Data provided |
>>>
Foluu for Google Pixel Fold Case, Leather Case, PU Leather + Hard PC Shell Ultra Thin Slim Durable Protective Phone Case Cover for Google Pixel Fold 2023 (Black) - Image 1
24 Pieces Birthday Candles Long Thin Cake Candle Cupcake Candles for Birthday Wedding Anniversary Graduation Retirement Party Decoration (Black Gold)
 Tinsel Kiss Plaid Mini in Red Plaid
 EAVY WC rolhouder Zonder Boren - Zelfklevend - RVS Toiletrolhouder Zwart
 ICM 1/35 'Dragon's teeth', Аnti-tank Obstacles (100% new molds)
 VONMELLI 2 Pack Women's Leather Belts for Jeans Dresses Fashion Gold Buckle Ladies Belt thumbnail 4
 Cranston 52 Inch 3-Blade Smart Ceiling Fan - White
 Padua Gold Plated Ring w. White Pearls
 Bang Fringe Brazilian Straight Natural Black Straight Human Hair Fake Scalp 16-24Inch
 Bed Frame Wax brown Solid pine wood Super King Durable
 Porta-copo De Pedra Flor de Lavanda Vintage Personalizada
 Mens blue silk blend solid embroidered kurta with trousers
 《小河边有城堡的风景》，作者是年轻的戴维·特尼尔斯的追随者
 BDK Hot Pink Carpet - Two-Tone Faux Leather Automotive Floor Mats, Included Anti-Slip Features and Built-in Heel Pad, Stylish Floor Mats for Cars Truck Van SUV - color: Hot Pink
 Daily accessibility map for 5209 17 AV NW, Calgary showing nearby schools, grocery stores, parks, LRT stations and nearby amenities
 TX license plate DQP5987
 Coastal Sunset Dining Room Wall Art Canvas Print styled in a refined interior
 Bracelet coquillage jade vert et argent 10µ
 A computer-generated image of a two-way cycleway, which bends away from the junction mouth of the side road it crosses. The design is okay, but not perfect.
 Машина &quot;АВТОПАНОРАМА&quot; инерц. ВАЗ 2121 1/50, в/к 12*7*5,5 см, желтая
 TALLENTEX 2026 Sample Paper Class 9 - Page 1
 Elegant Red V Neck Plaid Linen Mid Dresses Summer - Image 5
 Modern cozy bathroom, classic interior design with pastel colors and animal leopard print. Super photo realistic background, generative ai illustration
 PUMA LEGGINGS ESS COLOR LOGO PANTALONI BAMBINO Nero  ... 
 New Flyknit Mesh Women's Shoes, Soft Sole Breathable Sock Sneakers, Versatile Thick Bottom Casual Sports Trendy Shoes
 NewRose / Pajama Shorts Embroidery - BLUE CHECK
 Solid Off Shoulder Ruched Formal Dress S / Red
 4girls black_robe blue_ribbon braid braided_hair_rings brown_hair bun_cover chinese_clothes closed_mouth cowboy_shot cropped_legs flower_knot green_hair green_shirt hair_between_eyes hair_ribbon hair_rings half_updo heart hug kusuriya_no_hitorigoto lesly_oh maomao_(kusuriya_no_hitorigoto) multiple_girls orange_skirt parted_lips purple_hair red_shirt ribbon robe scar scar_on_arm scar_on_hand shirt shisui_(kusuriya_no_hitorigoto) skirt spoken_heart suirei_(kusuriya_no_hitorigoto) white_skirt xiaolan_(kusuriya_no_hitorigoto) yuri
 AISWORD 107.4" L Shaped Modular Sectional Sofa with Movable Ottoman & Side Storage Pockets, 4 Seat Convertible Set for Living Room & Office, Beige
<<<
Task prompt | Transcribe the material above. Change nothing in it.

Response box |
Foluu for Google Pixel Fold Case, Leather Case, PU Leather + Hard PC Shell Ultra Thin Slim Durable Protective Phone Case Cover for Google Pixel Fold 2023 (Black) - Image 1
24 Pieces Birthday Candles Long Thin Cake Candle Cupcake Candles for Birthday Wedding Anniversary Graduation Retirement Party Decoration (Black Gold)
 Tinsel Kiss Plaid Mini in Red Plaid
 EAVY WC rolhouder Zonder Boren - Zelfklevend - RVS Toiletrolhouder Zwart
 ICM 1/35 'Dragon's teeth', Аnti-tank Obstacles (100% new molds)
 VONMELLI 2 Pack Women's Leather Belts for Jeans Dresses Fashion Gold Buckle Ladies Belt thumbnail 4
 Cranston 52 Inch 3-Blade Smart Ceiling Fan - White
 Padua Gold Plated Ring w. White Pearls
 Bang Fringe Brazilian Straight Natural Black Straight Human Hair Fake Scalp 16-24Inch
 Bed Frame Wax brown Solid pine wood Super King Durable
 Porta-copo De Pedra Flor de Lavanda Vintage Personalizada
 Mens blue silk blend solid embroidered kurta with trousers
 《小河边有城堡的风景》，作者是年轻的戴维·特尼尔斯的追随者
 BDK Hot Pink Carpet - Two-Tone Faux Leather Automotive Floor Mats, Included Anti-Slip Features and Built-in Heel Pad, Stylish Floor Mats for Cars Truck Van SUV - color: Hot Pink
 Daily accessibility map for 5209 17 AV NW, Calgary showing nearby schools, grocery stores, parks, LRT stations and nearby amenities
 TX license plate DQP5987
 Coastal Sunset Dining Room Wall Art Canvas Print styled in a refined interior
 Bracelet coquillage jade vert et argent 10µ
 A computer-generated image of a two-way cycleway, which bends away from the junction mouth of the side road it crosses. The design is okay, but not perfect.
 Машина &quot;АВТОПАНОРАМА&quot; инерц. ВАЗ 2121 1/50, в/к 12*7*5,5 см, желтая
 TALLENTEX 2026 Sample Paper Class 9 - Page 1
 Elegant Red V Neck Plaid Linen Mid Dresses Summer - Image 5
 Modern cozy bathroom, classic interior design with pastel colors and animal leopard print. Super photo realistic background, generative ai illustration
 PUMA LEGGINGS ESS COLOR LOGO PANTALONI BAMBINO Nero  ... 
 New Flyknit Mesh Women's Shoes, Soft Sole Breathable Sock Sneakers, Versatile Thick Bottom Casual Sports Trendy Shoes
 NewRose / Pajama Shorts Embroidery - BLUE CHECK
 Solid Off Shoulder Ruched Formal Dress S / Red
 4girls black_robe blue_ribbon braid braided_hair_rings brown_hair bun_cover chinese_clothes closed_mouth cowboy_shot cropped_legs flower_knot green_hair green_shirt hair_between_eyes hair_ribbon hair_rings half_updo heart hug kusuriya_no_hitorigoto lesly_oh maomao_(kusuriya_no_hitorigoto) multiple_girls orange_skirt parted_lips purple_hair red_shirt ribbon robe scar scar_on_arm scar_on_hand shirt shisui_(kusuriya_no_hitorigoto) skirt spoken_heart suirei_(kusuriya_no_hitorigoto) white_skirt xiaolan_(kusuriya_no_hitorigoto) yuri
 AISWORD 107.4" L Shaped Modular Sectional Sofa with Movable Ottoman & Side Storage Pockets, 4 Seat Convertible Set for Living Room & Office, Beige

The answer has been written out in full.